To set up a RAID array you obviously need two or more disks. I have two and opted for a RAID1 setup for /home; if you have four or more disks you could opt for RAID5 instead. See below for more info on your various RAID choices.

In the following I assume you already have Fedora Core 5 installed on your root partition, and that you have two or more free disks with enough empty space to create the RAID partitions for /swap and /home.


How to set up your RAID arrays
I decided that I wanted to have my /home partition on a RAID1 (mirrored) between my two disks, and my swap partition on RAID0 (striped) between the two disks. See below for my reasoning--you may choose differently.

Here is how I set up the RAID partitions:

  1. Run diskdruid or some other partitioning system, and create two equal sized partitions for your /home directory, and two equal sized partitions for your swap.
    • Write down what your partitions are for, in my case:
      • root: /dev/sda1 (I assume it's already there)
      • /home: /dev/hda2 and /dev/sda2
      • swap: /dev/hda1 and /dev/sda3
    • WARNING: Back up your data, especially anything in /home because we are absolutely about to blow away /home, and you run some chance of losing everything if something goes worng.

    • HINT: You will get a big, big speed increase if you ensure that the partitions within each RAID array are on separate channels (ie: separate physical HD cables).

  2. Log in as root and set up the two raid arrays. Before you execute the following commands double check that you have got all the partition identifiers exactly right. An error here could cost you all of your data on all of your disks.
            # make /dev/md0 a RAID1 array for /home
            mdadm --create /dev/md0 --level 1 -n 2 /dev/sda2 /dev/hda2 
            mdadm --detail /dev/md0 # have a look
            # make /dev/md1 a RAID0 array for swap
            mdadm --create /dev/md1 --level 0 -n 2 /dev/hda1 /dev/sda3 
            mdadm --detail /dev/md1 # have a look

  3. Edit /etc/mdadm.conf and make sure that it is correct
    • There should be two lines, one for each RAID array
    • The uuid values MUST mach the value returned from the mdadm --detail commands above.
    If mdadm.conf is not set up properly you may find that your system does not find both RAID arrays on a reboot.
Congratulations! You now have your RAID up and running. The next step is to set up encryption on the arrays.


How to set up a dm-crypt encrypted /home on your RAID1 array
The first step is to fill your new raid partition with pseudo random data. This will prevent an attacker from being able to tell how much of your filesystem is used vs. unused, and which parts have real data vs. empty data: the whole partition will look like random noise. It'll also over-write any data you may have had there previously (although look into "shred" and other tools if you need it really, really, really gone.)

Here is the command to fill a partition with random data. Be very careful that you have got the parition identifier exactly right, you are about to destroy data! Double check, then run this:

    dd if=/dev/urandom of=/dev/md0 bs=1M
Note that this command might take overnight to run if you have a big partition!

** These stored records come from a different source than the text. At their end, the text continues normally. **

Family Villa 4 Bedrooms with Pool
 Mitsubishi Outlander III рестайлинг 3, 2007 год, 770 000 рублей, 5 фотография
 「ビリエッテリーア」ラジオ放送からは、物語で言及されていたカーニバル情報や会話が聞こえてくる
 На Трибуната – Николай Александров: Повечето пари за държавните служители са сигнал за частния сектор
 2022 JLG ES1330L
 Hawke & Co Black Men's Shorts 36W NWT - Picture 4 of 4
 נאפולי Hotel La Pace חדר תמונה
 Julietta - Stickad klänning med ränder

Next, make sure you have the twofish cipher installed in your kernel:

    modprobe twofish
Now set up an encrypting device mapper on your /dev/md0 partition (or whichever partition). You will be prompted for a password: Use a long sentence. Your "password" should have at least 20-40 characters of text, and preferably include some numbers as well. Think of something special to you, and make a 5-6 word or longer sentence about it that you will easily remember without ever having to write down.

If you choose an 8 character password an attacker who acquired your system could systematically try every possible 8 character combination until they broke in. Choose something stronger: the encryption is strong, don't let your password be the weakest link in the chain.

Here is the command to set up encryption on your /dev/md0 RAID device:

    cryptsetup -y -c twofish-cbc-essiv:sha256 create home /dev/md0
The -y causes it to ask for your password twice, to make sure you typed it properly. We chose cipher "twofish-cbc-essiv:sha256". If you want to use AES or serpent instead (see below) you would use something like "aes-cbc-essiv:sha256".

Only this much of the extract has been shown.